The core challenge: making harm reduction resources feel peer-created and culturally grounded rather than another healthcare organization attempting to brand themselves as "cool" for youth audiences. With Minister oversight and $552 million in public health investment at stake, the "With Open Arms" campaign required extraordinary cultural sensitivity while navigating complex stakeholder coordination across 200+ First Nations communities.
Working as creative contractor to Myron Advertising & Design, I developed the campaign visual identity while collaborating directly with FNHA's communications team and Youth Advisory Committee. I attended every stakeholder presentation throughout the six-month engagement, ensuring creative decisions aligned with cultural protocols and community needs. A critical component involved mentoring emerging First Nations artist Shianna Allison, who contributed illustrative elements through FNHA's open call for Indigenous artists.

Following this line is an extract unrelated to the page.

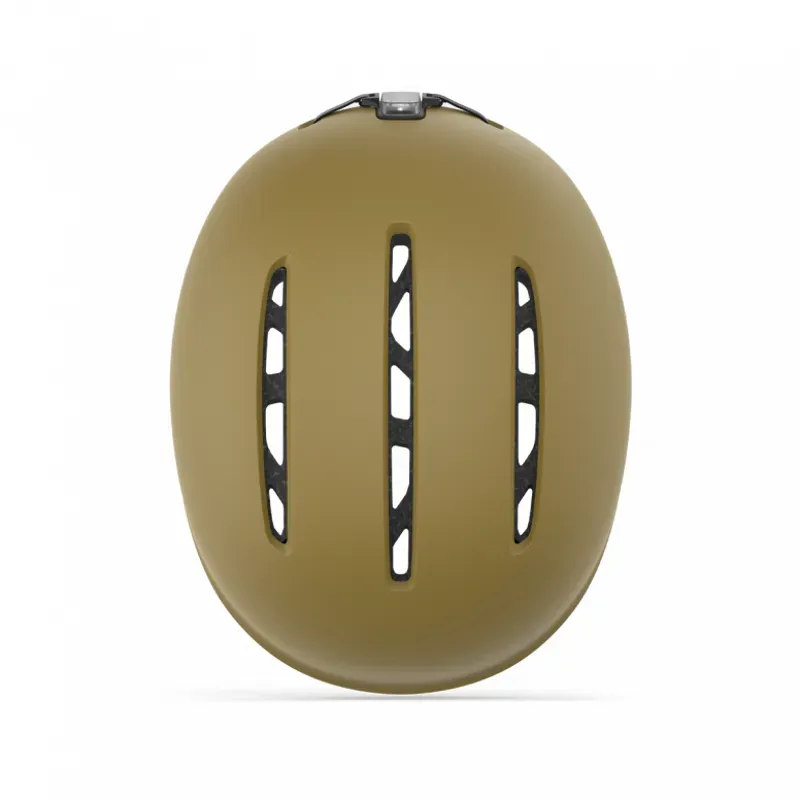 Met Helmet Vibe Sand Mips-2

The strategic challenge required making harm reduction resources feel peer-created rather than institutional. I addressed this through systematic discovery with FNHA stakeholders and youth advisors to understand how First Nations youth actually engage with health information online. The methodology prioritized three strategic layers: honoring Indigenous cultural traditions through authentic artistic integration, maintaining organizational credibility by connecting to FNHA's established brand, and speaking contemporary youth visual language through digital-first thinking.
The creative development process centered on a sticker visual system. Integrating Indigenous artistic forms with elements youth recognize from social media. Every design decision was tested against the core question: does this feel like something a First Nations youth would create and share with friends, or does it feel like a healthcare campaign? This approach ensured cultural authenticity while avoiding the institutional aesthetics that cause youth to immediately dismiss public health messaging.
The campaign identity integrated Indigenous artistic elements throughout every touchpoint. Working with Shianna Allison's artwork, I developed a logo system, youth-focused typography suite, and vibrant teal-orange color palette that expanded FNHA's existing brand. The distinctive sticker-style iconography system became the visual cornerstone. Blending First Nations design traditions with contemporary digital aesthetics that youth actually use online.
I created five static advertisement concepts, each optimized across three social media dimensions for Instagram, Facebook, and Snapchat. The sticker visual system maintained campaign recognition while feeling authentic to how youth communicate on social platforms. Video title cards featured five distinct concepts with integrated calls-to-action, adapted for both landscape and vertical formats to support youth testimonial content across all digital channels.
The campaign microsite (harmreduction.fnha.ca) functions as the central resource hub. The long-scroll architecture mimics social media rather than traditional healthcare sites, optimizing for mobile-first youth behavior. I designed and built the fully functional Webflow site (later moved to Wordpress) including resource sections, integrated video content, and toolkit downloads.